_Your instructions_
Each line at or after the one containing "Diverticulos" should be transcribed exactly, up to and including the final line of the data.

_Records from a data collection_
================================
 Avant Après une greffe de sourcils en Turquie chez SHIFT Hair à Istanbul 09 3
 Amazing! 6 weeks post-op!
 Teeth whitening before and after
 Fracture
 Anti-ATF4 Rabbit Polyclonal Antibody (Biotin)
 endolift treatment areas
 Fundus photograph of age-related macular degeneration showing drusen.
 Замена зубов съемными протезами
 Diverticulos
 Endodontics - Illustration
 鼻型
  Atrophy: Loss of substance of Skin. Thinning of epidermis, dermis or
================================
_Problem solution_
 Diverticulos
 Endodontics - Illustration
 鼻型
  Atrophy: Loss of substance of Skin. Thinning of epidermis, dermis or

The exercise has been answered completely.